Rogue goes still immediately, the frown of irritation fading from his face as his eyes refocus until he's actually looking at Sting's expression. "What is it?" That's soft, gentle, careful the way Sting usually only ever hears him talk to Frosch. He almost never uses that tone with Sting, the delicate phrasing as if he thinks Sting might break if jostled too hard.

Of course, right now Sting feels like he might. The unusual care in Rogue's voice is a comfort, warms the edges of his abnormal chill so he can force himself to take a breath, to form the words he wants into the right shape on his tongue.

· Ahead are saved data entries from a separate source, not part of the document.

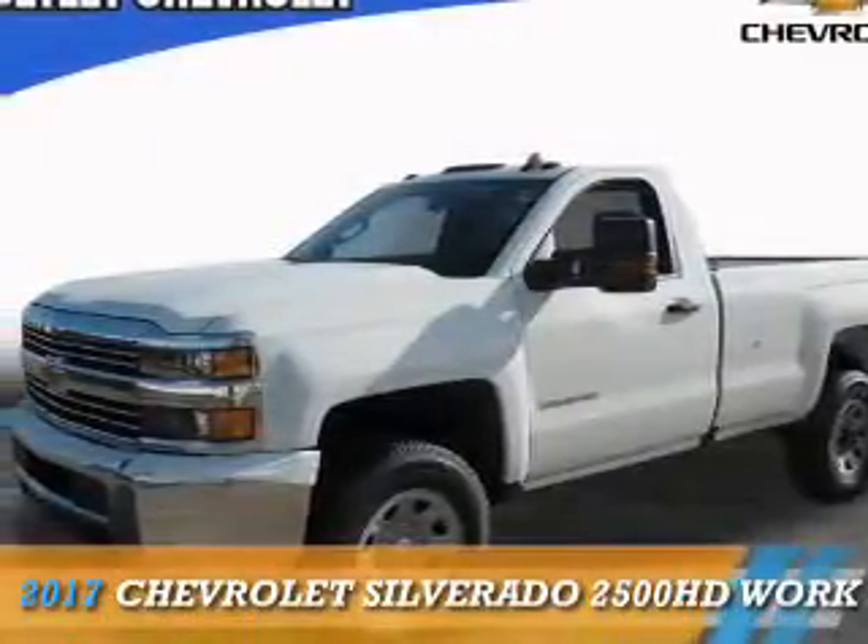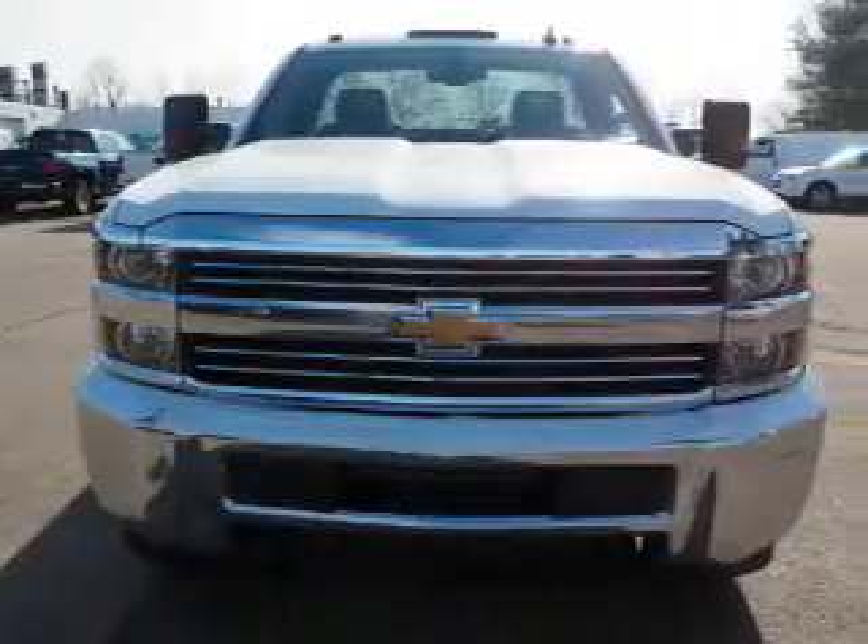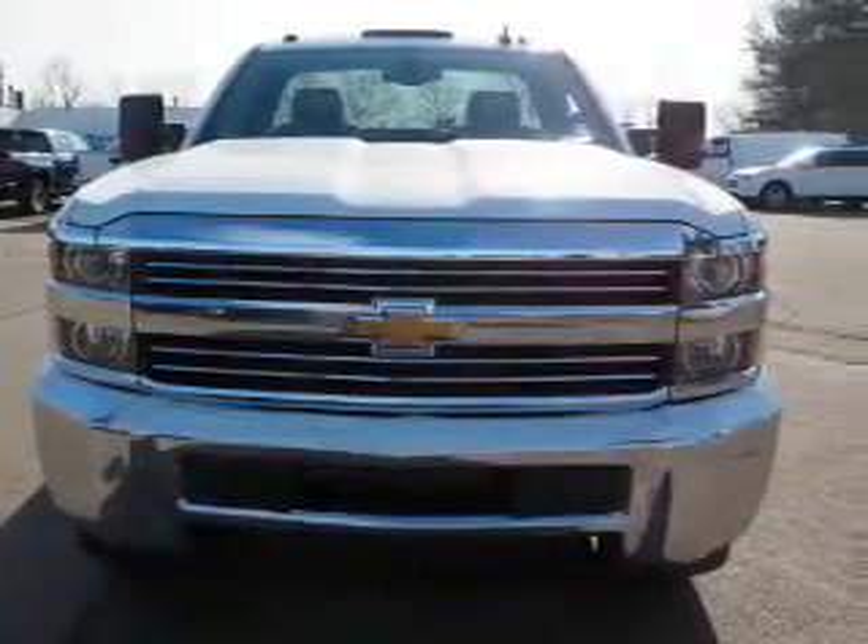Presenting the 2017 Chevrolet Silverado 2500 HD. It's powered by 4-wheel drive, a 6-liter 8-cylinder engine, and an automatic transmission.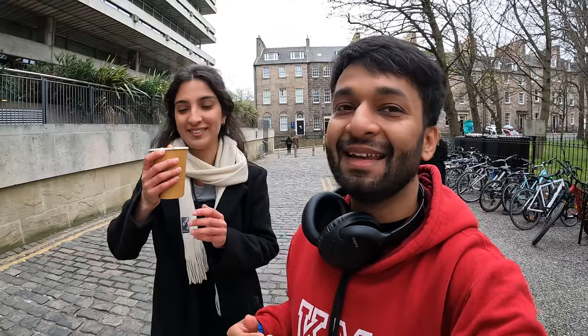Hi guys, welcome back to another video. Meet my friend Ramandeep — and hot chocolate, yes! So today we will show you George Square campus of the University of Edinburgh. This is one of the five or six campuses that the university has.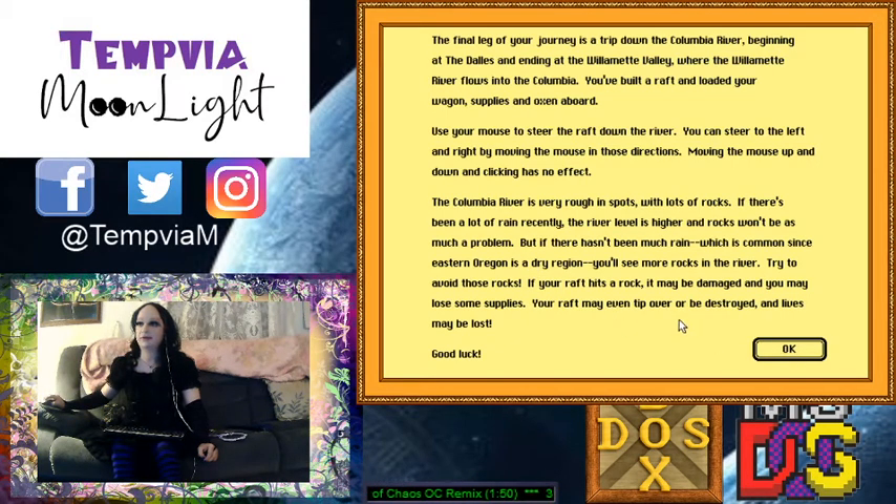The Columbia River is very rough in spots with lots of rocks. If there's been a lot of rain recently, the river is higher and the rocks won't be much of a problem. But if there hasn't been much rain — which is common since eastern Oregon is a dry region — you'll see more rocks in the river. Try to avoid the rocks; if your raft hits a rock it may take damage and you may lose supplies. You may even tip your raft and lives may be lost.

"Are you sure you want to be with me?"

The question drags high, sharp and desperate in Sting's throat, but there's nothing be can do to counteract that. It's all he can do to hold Rogue's steady gaze while he speaks; he barely sees the other's eyes start to go wide with shock before his determination cracks and his own gaze drops to the floor. He nearly pulls his hand away, is just starting to retreat from the warmth of Rogue's skin when fingers close on his wrist and stall the movement of his hand.

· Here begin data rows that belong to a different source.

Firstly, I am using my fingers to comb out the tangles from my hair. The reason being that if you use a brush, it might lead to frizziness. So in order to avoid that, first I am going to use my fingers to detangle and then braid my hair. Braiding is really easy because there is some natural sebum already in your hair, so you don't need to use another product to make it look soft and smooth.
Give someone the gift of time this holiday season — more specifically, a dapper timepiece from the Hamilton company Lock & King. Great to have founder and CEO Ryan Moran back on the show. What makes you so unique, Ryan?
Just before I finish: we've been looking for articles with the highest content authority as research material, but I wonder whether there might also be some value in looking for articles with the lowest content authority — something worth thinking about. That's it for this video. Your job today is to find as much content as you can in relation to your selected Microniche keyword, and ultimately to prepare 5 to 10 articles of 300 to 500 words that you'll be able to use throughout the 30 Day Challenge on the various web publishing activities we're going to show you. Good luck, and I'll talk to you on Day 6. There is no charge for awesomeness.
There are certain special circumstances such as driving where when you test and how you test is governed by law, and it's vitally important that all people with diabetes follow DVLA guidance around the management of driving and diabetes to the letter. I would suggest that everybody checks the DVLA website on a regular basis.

"Sting." That's a serious voice, the slow, careful shape of words that says Rogue is really thinking through what he's saying. "Look at me."

It's harder than it should be. It's only in moments like this that Sting cringes away from Rogue's gaze, that the scarlet of the other's eyes feel like it has a tangible presence he has to push past in order to lift his gaze. He has to steel himself, take a pair of deep breaths and tighten his fingers into a fist before he can manage to tilt his chin up and lock his eyes with Rogue's.

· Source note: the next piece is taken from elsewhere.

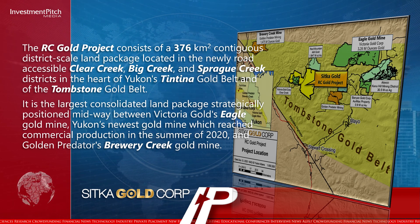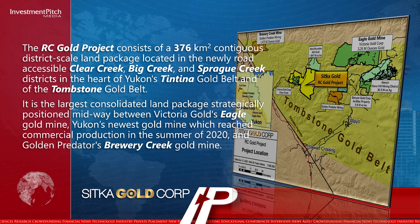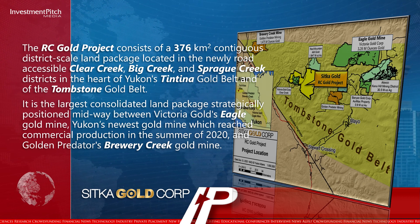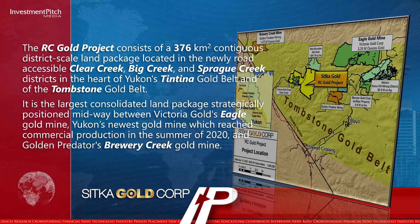It is the largest consolidated land package, strategically positioned midway between Victoria Gold's Eagle Gold Mine — Yukon's newest gold mine, which reached commercial production in the summer of 2020 — and Golden Predator's Brewery Creek Gold Mine.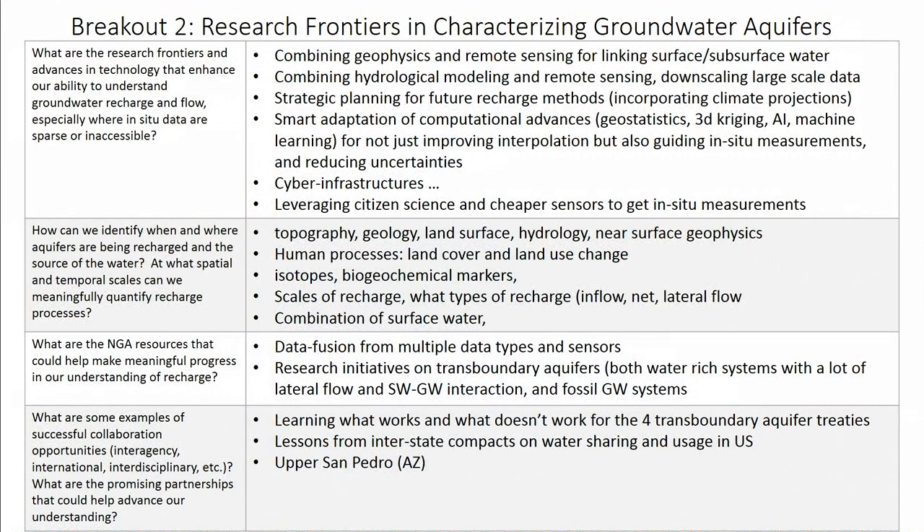Instead of just looking at successful examples, we actually wanted to look at the four transboundary aquifer treaties that are known to exist, to see what works and what doesn't work in those treaties — we thought that would be informative. We also want to look at interstate compacts of water sharing and usage in the U.S., and potentially in India, which has a lot of interstate water issues. Mike also talked about the upper San Pedro Basin in Arizona, where there's a lot of groundwater movement between Mexico and the U.S. that we could learn from. These are areas we could focus on to learn more about collaboration opportunities.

"I want to be with you." There's no 'of course,' no dismissive 'obviously' in either words or tone. Some of the knot unwinds from Sting's throat, some of the tension sets his shoulders free of their panicked hunch. "Right now. Always."

The words are a comfort. Sting can feel them trickling into his thoughts, warming the weird fright in the corners of his mind, soothing away the what ifs of a life without Rogue. But his tongue is still moving, childlike anxiety forcing itself into coherency, and what he says is "How do you know?" with the plaintive wail of desperation under the word.

Rogue's smile is the special one, the warm curve he never gives to anyone but Sting. It softens the intensity of his gaze, warms the crimson of his eyes into the flickering heat of a fire so Sting is breathing in relief even before Rogue says, "I know."

There's no meaning to the phrase, really; in anyone else's mouth that wouldn't be enough. But Sting knows Rogue, and Rogue knows him, and if Rogue says he knows something than Sting will take it as absolute fact.

"Oh." Sting's chest lets the last of his panic go, lets his blood start to warm itself as he takes a slow breath. "Okay."

Rogue nods silent agreement, lets his fingers at Sting's wrist slide up to catch his curled-in fingers instead. Sting is almost expecting the touch at his forehead, the delicate tracery of Rogue's fingertips over the line of the scar running clean across his skin. He shuts his eyes under the touch, breathes out slow so he can savour the ease of the breath.

"You weren't winning," he says at last, just to make sure Rogue knows.

The fingers at his brow go still. "I was too."

"Were not." Sting opens one eye so he can see Rogue's chin come down as his eyes go dark with irritation. "I had you under my thumb the whole time."

Rogue growls. That gives Sting enough warning that he's braced for the impact of an entire dragonslayer hitting his chest, even if that forewarning doesn't stop them both from toppling to the ground. For a minute Rogue is hissing frustration at him while Sting nobly defends his ground as simply a speaker of truth. But then Rogue gets too close, or Sting leans up too high and their mouths brush together, and in a very few minutes neither of them remembers anything about the game at all. Even afterwards, though, Sting keeps the comfort of that reassurance in the back of his head. He loses the words, the details of accuracy to the haze of memory, but the important part sticks in the warmth in his blood, the security of Rogue's affection for him clear and bright as the morning sky.